No, I never tried molesting a Cornish pasty Chief, because I would not have been able to resist eating it and baby-gravy simply doesn’t compliment the other flavours at all.

However, you have prompted me to share a tale. During a long summer school holiday at the age of fifteen, I woke slowly one morning to find that my dear mother had placed a nice fresh steaming mug of tea on my bedside table. I lay there with my eyes open just fractionally enough for me to see vaguely without becoming so conscious that I couldn’t fall straight back to sleep again. But as I pulled the quilt over my head I realised that I’d been awake just the tiniest bit too long. With closed eyes, I tried desperately to sleep, but with the tempting tea beside me just begging to be drunk, there was no chance. Drinking the tea meant that I’d be properly awake, so I fought my desire for it and decided to ignore the fact that it was there. I stayed horizontal and sighed as I realised that I’d even less chance of returning to slumber because my penis had woken up.

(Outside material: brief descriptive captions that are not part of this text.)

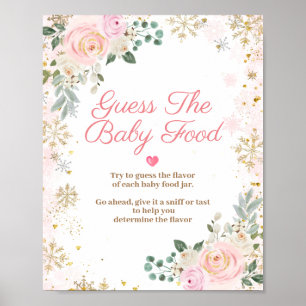 Winter Pink Floral Schneeflocke Raten Sie das Baby Poster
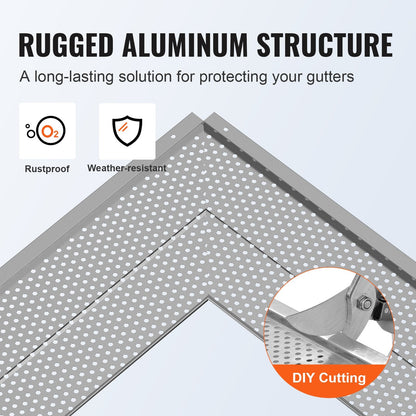 Aluminum Gutter Guard Leaf Filter, 152mm Wide, 52 PCS, 63.4m Total Length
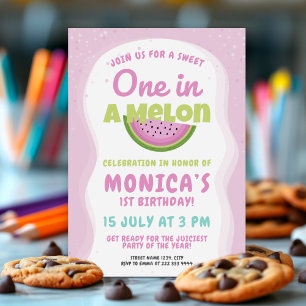 Invitation Pink Watermelon Thème Enfants 1ère fête d'annivers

One can never ignore a stirring member, particularly when one is a teenager, and as I lay there, feeling it swell to a semi-on, I figured I’d take the opportunity of a damn good sausage massage and while gently stoking youth’s fires, my half-closed eyes lit upon the mug of tea within reach. ‘...Hmmmm...’, I pondered lethargically. '...I wonder...’, and imagined immersing my old boy in that nice warm tea. Mmmm... bet that’ll feel nice. Goodness knows why I wanted to test the erotic possibilities of a hot beverage, but my only excuse is that I was still not properly awake, so could hardly have been thinking clearly. After a supreme effort I sat up and knelt on my bed, cock in one hand, reaching out with my other arm to grasp my mug by it’s handle, bringing it towards me and then I dipped my three-quarters hard willy into the mug, plunging my bell end all the way to the bottom.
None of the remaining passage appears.